<<<<

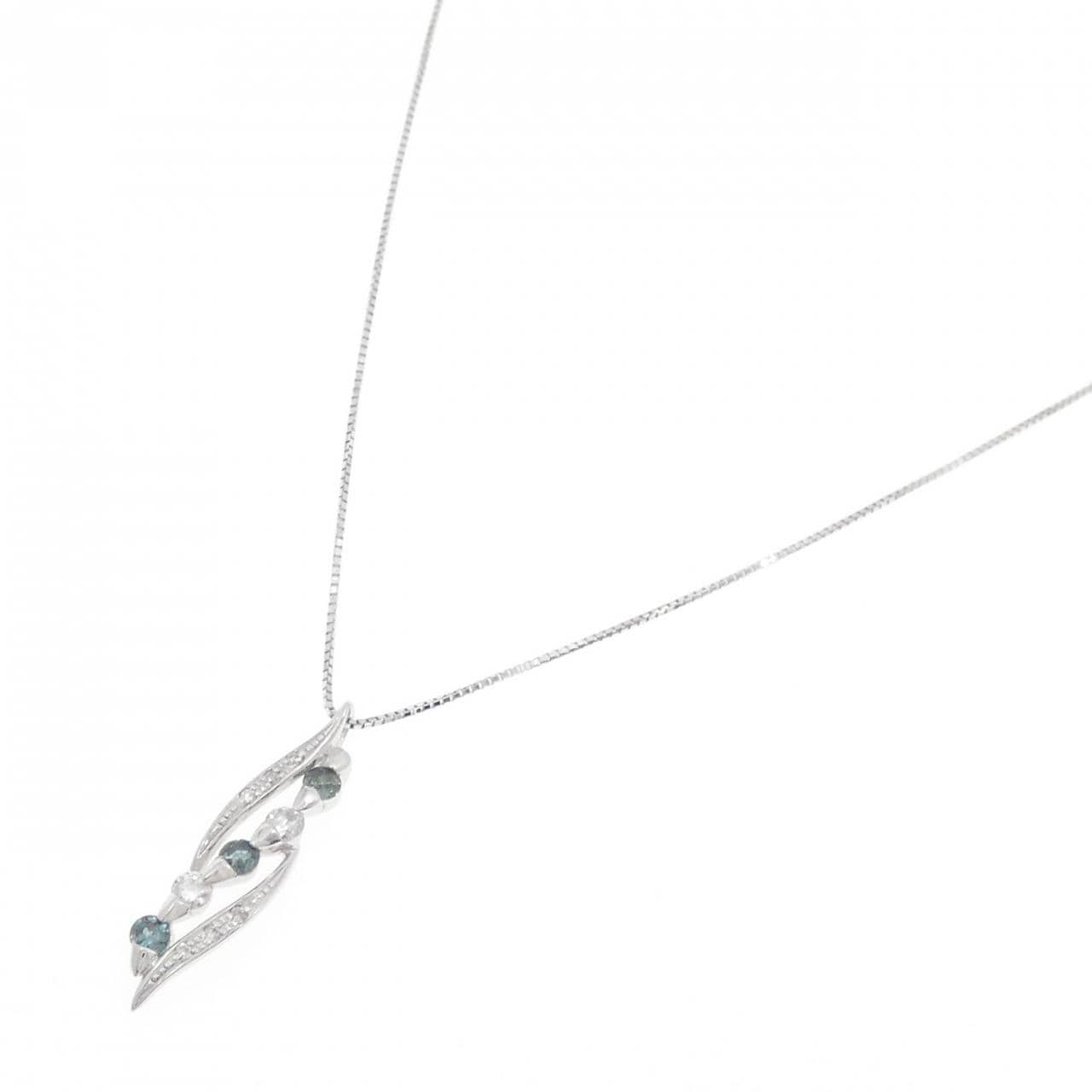 K18WG アレキサンドライト ネックレス 0.24CT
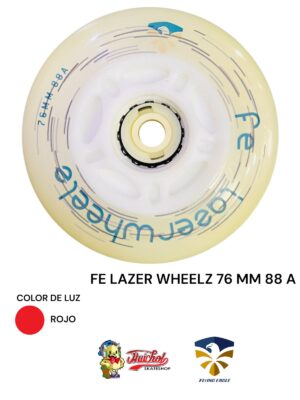 LLANTAS FLYING EAGLE FE LAZER 76 mm 88 A luz roja letras azul
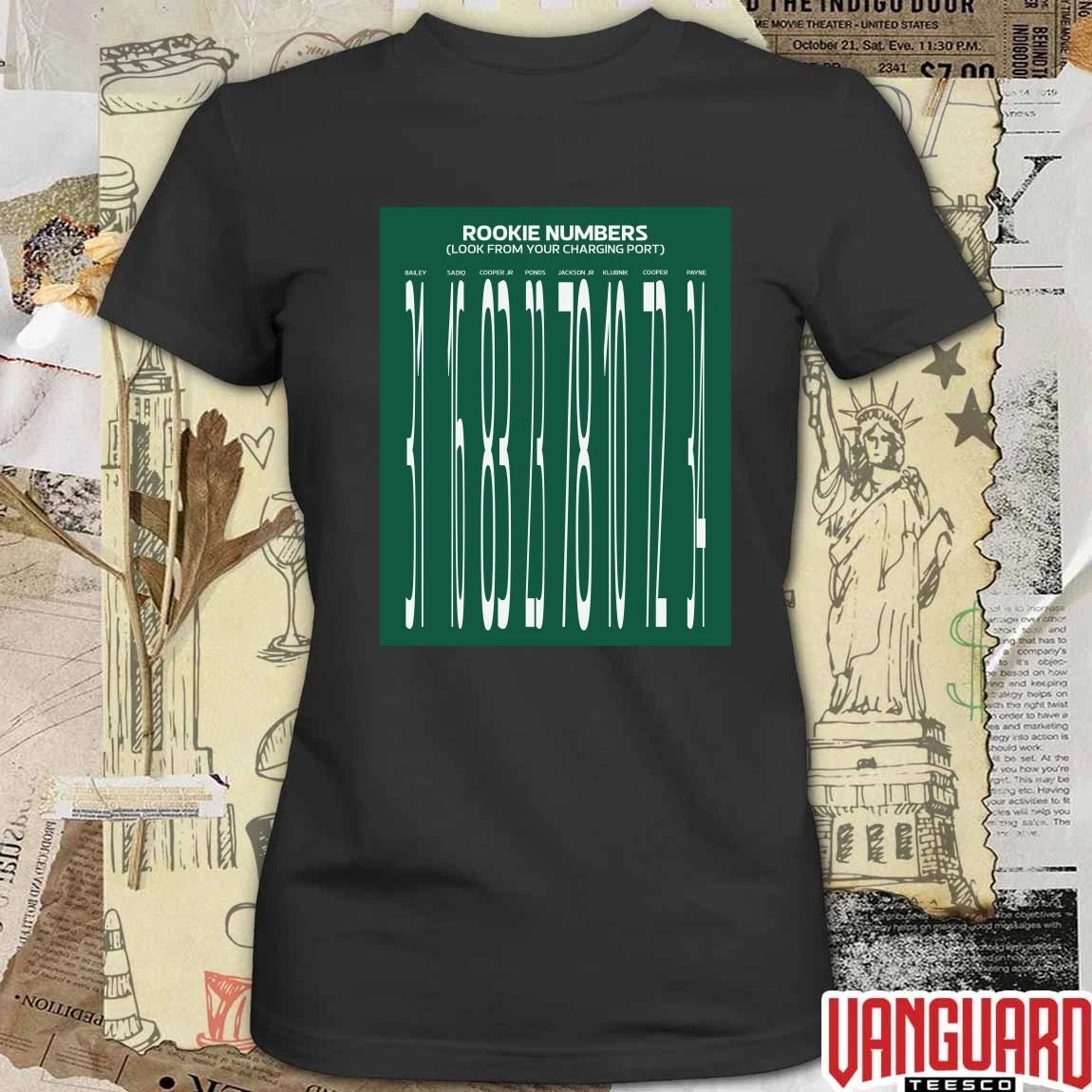 New York Jets Rookie Numbers Look From Your Charging Port t-shirt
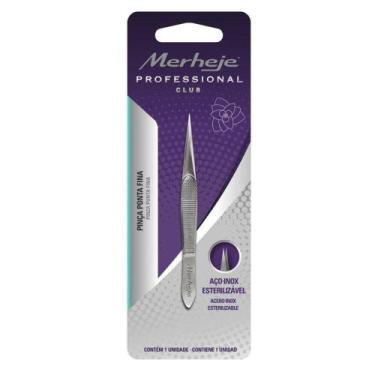 Imagem de Pinça depilatória merheje profissional ponta fina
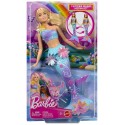POUPEE BARBIE SIRENE 29CM FLEURS MAGIQUES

>>>>

Precisely the lines from the one containing "Imagem de Pinça" to the end of the data above, both included, should be printed; leave the pictures out.

Output of the task:
 Imagem de Pinça depilatória merheje profissional ponta fina
POUPEE BARBIE SIRENE 29CM FLEURS MAGIQUES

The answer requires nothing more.